Introduction to Deep RL

rl ml

Let’s start with Ayanokoji’s story!

He quietly sits in class 1-D, observing. He doesn’t ask questions, doesn’t seek attention, yet every move he takes is precise.You may have observed he doesn’t just act at random though he is learns, refine his strategies, and adapt to his environment.

Now, let’s dive into RL!

Before we start exploring, let’s understand what an Agent and an Environment is!

Agent

The agent is the learner or decision-maker. It interacts with the environment, takes actions, and learns from the feedback (rewards/penalties). The interaction is through trial and error while performing actions.

Ayanokoji, analyzing his classmates and making strategic moves.

Environment

The environment is everything the agent interacts with. It provides states, receives the agent’s actions, and gives rewards as feedback.

The Advanced Nurturing High School, full of unpredictable students and hidden rules (for Ayanokoji).

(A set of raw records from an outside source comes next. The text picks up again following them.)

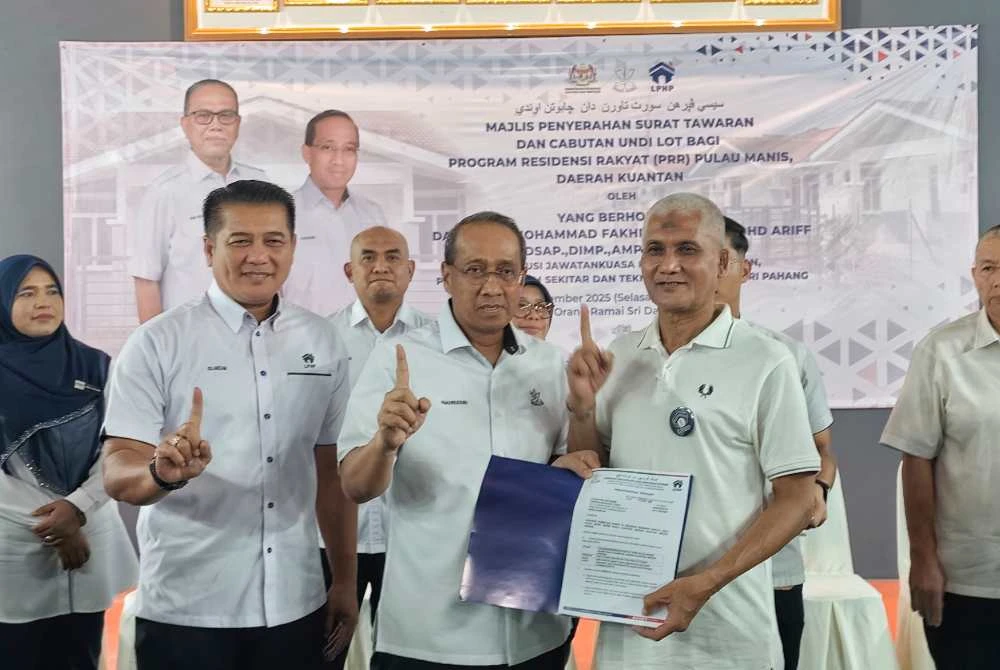 Mohammad Fakhruddin (tengah) menyerahkan surat tawaran kepada salah seorang penerima pada majlis penyerahan surat tawaran Residensi Rakyat Pahang (RRP) di Dewan Orang Ramai Kampung Sri Damai di sini pada Selasa. - Foto Sinar Harian.
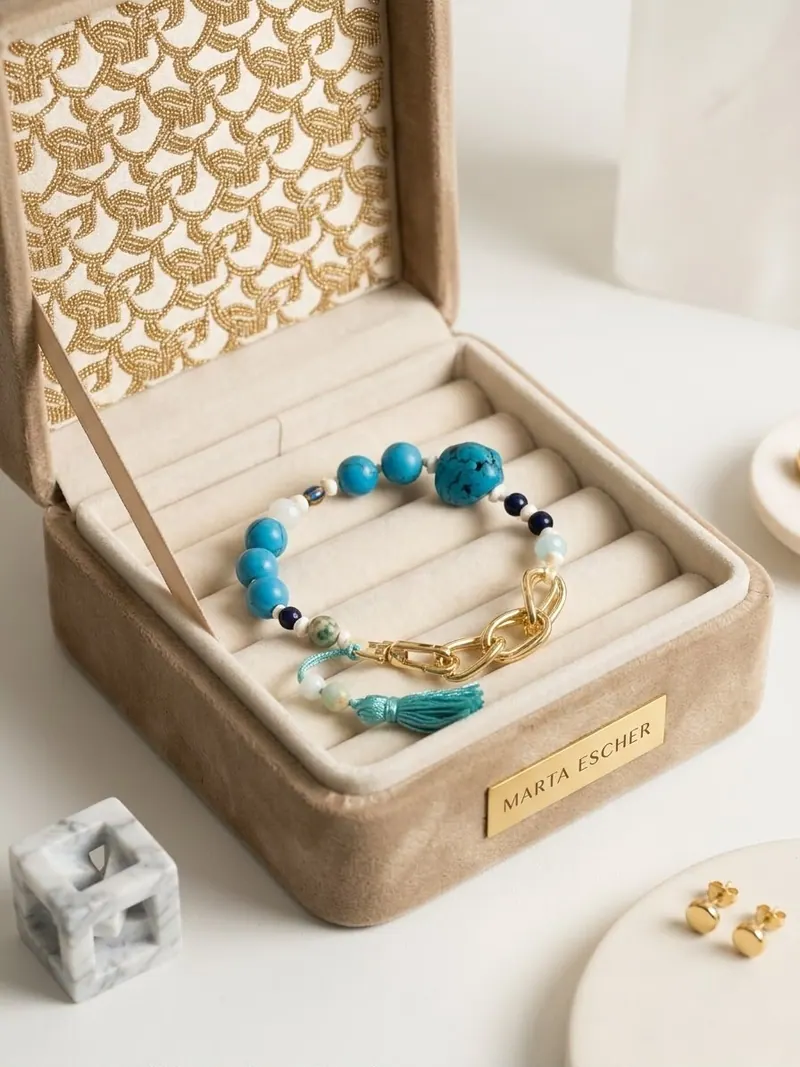 Pulseira de contas turquesa e elos dourados com borla, numa caixa de veludo com a placa Marta Escher
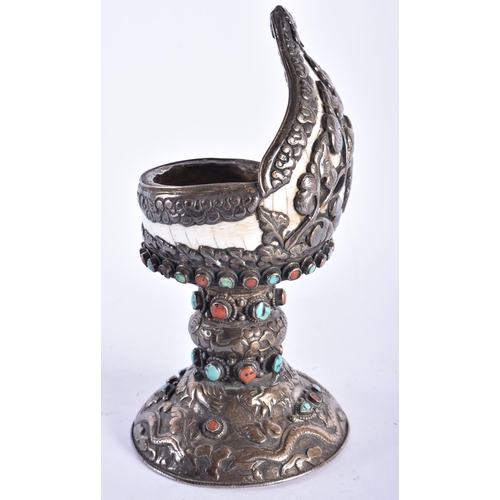 2194 - AN UNUSUAL 19TH CENTURY TIBETAN SILVER MOUNTED SHELL inset with coral and turquoise. 724 grams overa...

One important note here is, each action executed is without any supervision because that’s how we as human learn (through interaction).

RL is just a computational approach of learning from actions.

The RL Framework!

RL Process.

The RL Process is a loop of state, action, reward and next state.

RL models decision making in an interactive environment where an agent learns to take actions to maximize cumulative rewards.

The process follows Markov Decision Process (MDP), which consists of:

State Space (S): The set of all possible states $s_t$ that can be in.
Action Space (A): The set of all possible actions $a_t$ that can take.
Transition Dynamics (P(s’|s, a)): The probability of moving to a new state s’ given the current state ‘s’ and action ‘a’.
Reward Function (R(s, a)): A function that gives a scalar reward $r_t$ when the agent takes an action $a_t$ in state $s_t$

We will look into more RL terminologies:

states, observations, action spaces
policies
trajectories
different formulations of return
Exploration and Exploitation Trade-off

States, Observation and Action Spaces

Imagine Ayanokoji in Classroom of the Elites. He always operates with perfect awareness of situations, analyzing every variable. If he knows everything about a scenario—his classmates’ intentions, hidden motives, and all external factors—that’s a state (complete information).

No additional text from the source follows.